Expand History’s Place.  One way to bridge the history gap is simply to teach more of it.  Three years ago, California adopted a new History-Social Science Framework which strongly recommends that every student be required to take at least three years of American history and three years of world history between grades five and 12.  (Most states currently mandate only one year of American history.) In 1988, the Bradley Commission echoed California’s plans, arguing that, properly taught, history would help develop certain “habits of the mind” — critical thinking, acceptance of uncertainty, appreciation of causation — that have been sadly lacking from many classrooms.
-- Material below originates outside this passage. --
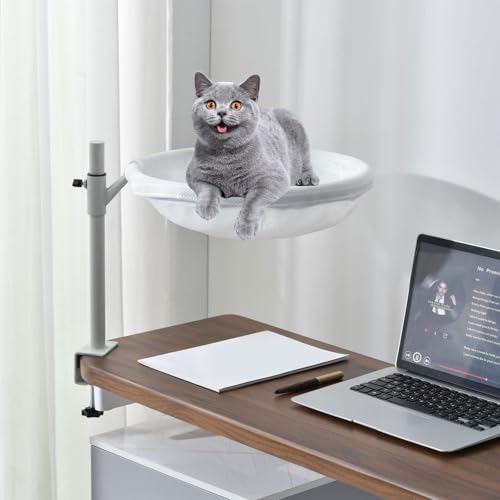 Lit de bureau pour chat fixé aux rebords de table et compact - 5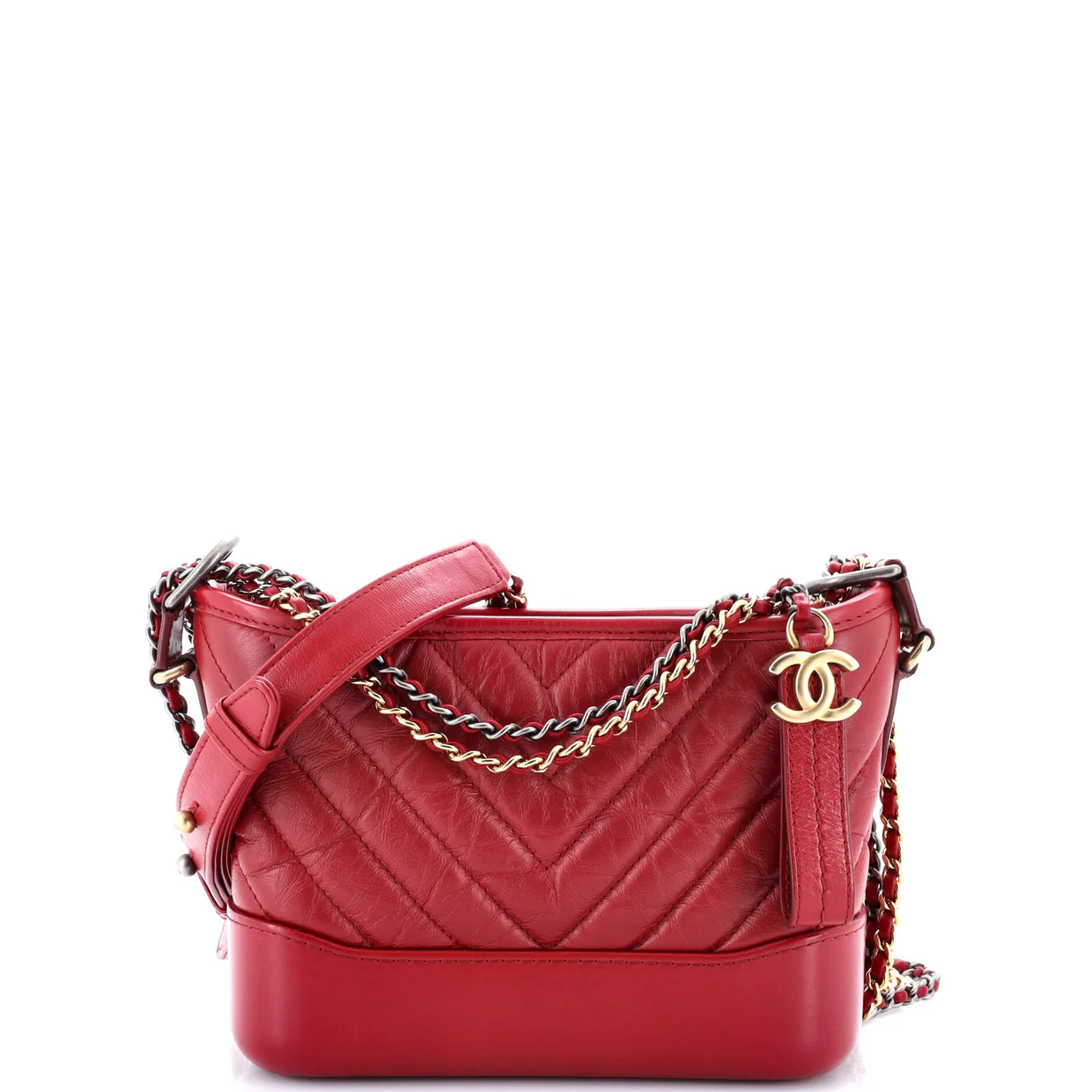 Gabrielle Hobo Chevron Aged Calfskin Small - Deep Luxury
One of the obstacles to greater concentration on history is the National Council on Social Studies (NCSS), which often downplays history in favor of what NCSS executive director Fran Haley calls “a more integrated approach.” Over the years, social studies has fallen prey to trends — ethnic, demographic, environmental, women’s and “peace” studies — that are unobjectionable, even commendable in themselves.  But these subject areas too often crowd out basic historical literacy.  Instead of being included in the broad sweep of history, they tend to replace it.  Only this year have traditionalists organized to balance the NCSS with their own professional group, the National Council for History Education.

Put ‘Multiculturalism’ in Perspective.  Even after arriving at a consensus on the importance of history, the debate still rages over whose history should be taught.  In some ways, this is a diversion, like arguing calculus versus trigonometry when the students don’t know how to add and subtract.  But it is a passionate debate within the profession, and with minorities soon to make up one third of the public-school population, it will only grow in importance.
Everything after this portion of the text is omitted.